::: Records provided :::

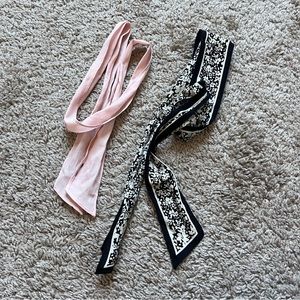 H&M women’s hair wrap /scarf / ties set of 2
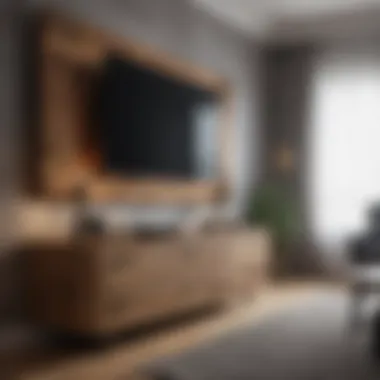 Elegant Wooden Bedroom TV Cabinet Elegant wooden TV cabinet with drawers enhancing bedroom aesthetics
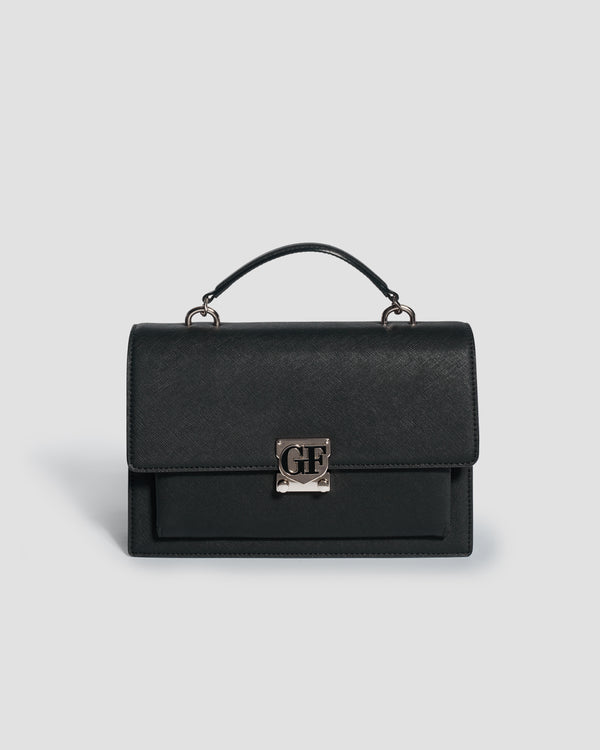 gianfranco ferre Leather Icon Bag Black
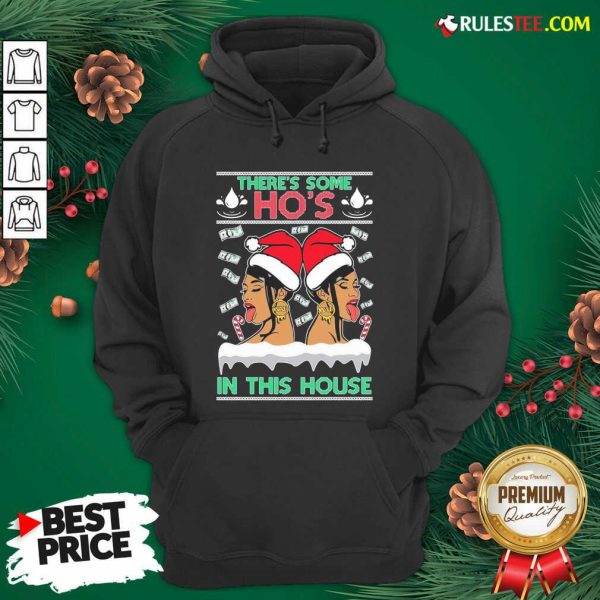 There's Some Hos In This House Unisex Hoodie- Design By Rulestee.com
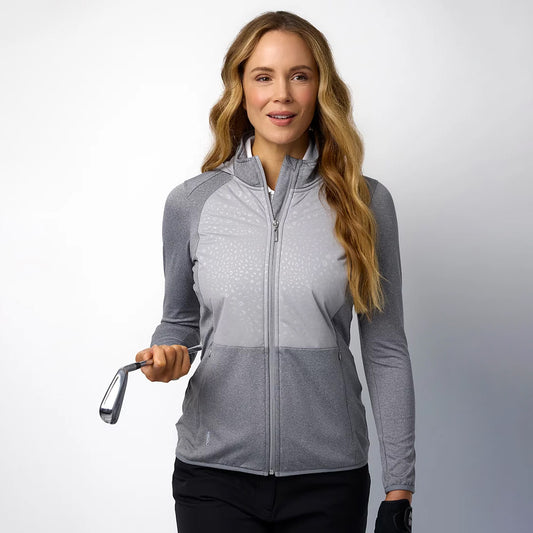 Glenmuir Ladies Hooded Hybrid Jacket - Feminine Style & Performance for Every Season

:::

:: Exercise directions ::
Nothing but the lines from the line containing "There's Some Hos" through the last line of the records above should be written out, exactly and without the pictures.

:: Solution to this exercise ::
 There's Some Hos In This House Unisex Hoodie- Design By Rulestee.com
 Glenmuir Ladies Hooded Hybrid Jacket - Feminine Style & Performance for Every Season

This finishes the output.